Across all the entries, how many lines hold "icon"? Answer with that number and nothing else.
*** Opening EXTRACTED MATERIAL ***
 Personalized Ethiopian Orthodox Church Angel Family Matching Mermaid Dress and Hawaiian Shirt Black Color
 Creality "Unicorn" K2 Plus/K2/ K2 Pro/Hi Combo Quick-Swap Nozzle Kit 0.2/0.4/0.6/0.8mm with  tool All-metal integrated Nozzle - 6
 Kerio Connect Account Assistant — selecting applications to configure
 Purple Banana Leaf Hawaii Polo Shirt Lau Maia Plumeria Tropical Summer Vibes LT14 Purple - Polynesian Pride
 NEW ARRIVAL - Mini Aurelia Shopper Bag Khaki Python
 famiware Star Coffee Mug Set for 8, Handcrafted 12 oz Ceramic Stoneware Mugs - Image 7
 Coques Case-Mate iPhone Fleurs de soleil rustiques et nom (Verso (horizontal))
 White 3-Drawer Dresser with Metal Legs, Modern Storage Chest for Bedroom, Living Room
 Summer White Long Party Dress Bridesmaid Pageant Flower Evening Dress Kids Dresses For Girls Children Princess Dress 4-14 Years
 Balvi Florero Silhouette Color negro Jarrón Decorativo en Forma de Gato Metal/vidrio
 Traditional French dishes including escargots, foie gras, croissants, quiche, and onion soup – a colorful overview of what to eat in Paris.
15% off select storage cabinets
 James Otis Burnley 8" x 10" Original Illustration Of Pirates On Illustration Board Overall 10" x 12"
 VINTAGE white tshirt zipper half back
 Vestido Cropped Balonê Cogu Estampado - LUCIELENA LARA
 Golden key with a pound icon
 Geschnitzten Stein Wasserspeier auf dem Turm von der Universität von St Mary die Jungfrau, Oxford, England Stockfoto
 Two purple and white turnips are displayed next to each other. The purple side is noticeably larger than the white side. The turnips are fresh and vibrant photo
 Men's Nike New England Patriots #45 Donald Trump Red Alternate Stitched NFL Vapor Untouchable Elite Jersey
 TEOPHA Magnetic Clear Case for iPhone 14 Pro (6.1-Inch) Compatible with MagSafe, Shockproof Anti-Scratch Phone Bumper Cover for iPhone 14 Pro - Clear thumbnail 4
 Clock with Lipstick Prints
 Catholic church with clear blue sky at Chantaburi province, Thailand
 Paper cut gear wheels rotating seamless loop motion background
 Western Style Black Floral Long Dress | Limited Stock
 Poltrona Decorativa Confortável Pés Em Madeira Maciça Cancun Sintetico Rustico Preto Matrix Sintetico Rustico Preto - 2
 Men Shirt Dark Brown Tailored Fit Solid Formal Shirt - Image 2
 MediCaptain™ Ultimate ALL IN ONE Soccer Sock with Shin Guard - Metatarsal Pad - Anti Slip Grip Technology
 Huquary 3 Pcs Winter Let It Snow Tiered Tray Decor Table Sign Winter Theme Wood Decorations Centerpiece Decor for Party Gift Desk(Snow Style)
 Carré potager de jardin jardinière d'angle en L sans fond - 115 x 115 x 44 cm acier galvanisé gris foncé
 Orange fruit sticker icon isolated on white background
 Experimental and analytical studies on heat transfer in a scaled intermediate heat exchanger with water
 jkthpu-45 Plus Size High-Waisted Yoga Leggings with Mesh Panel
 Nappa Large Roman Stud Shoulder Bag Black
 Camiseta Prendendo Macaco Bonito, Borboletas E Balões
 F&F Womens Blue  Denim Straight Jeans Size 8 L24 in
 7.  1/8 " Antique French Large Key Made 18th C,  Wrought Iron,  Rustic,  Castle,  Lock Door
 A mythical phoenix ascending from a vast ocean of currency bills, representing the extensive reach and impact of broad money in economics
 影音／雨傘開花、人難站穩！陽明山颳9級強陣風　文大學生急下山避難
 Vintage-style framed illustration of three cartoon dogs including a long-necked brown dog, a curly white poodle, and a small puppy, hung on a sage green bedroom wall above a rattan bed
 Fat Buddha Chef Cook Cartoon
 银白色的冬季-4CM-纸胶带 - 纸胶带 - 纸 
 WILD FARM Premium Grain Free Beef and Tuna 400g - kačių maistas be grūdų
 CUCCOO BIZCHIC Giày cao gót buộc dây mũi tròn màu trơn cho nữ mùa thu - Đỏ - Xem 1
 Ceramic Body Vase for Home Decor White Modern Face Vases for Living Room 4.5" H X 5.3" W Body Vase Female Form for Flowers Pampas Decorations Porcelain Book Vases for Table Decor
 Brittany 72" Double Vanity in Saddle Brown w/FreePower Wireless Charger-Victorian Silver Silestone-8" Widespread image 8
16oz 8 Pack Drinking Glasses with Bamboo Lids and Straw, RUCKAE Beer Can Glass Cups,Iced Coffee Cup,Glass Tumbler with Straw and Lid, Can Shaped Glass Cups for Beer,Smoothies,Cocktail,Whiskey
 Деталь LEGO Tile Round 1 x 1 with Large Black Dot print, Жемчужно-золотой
*** Closing EXTRACTED MATERIAL ***
-- YOUR RESPONSE --
2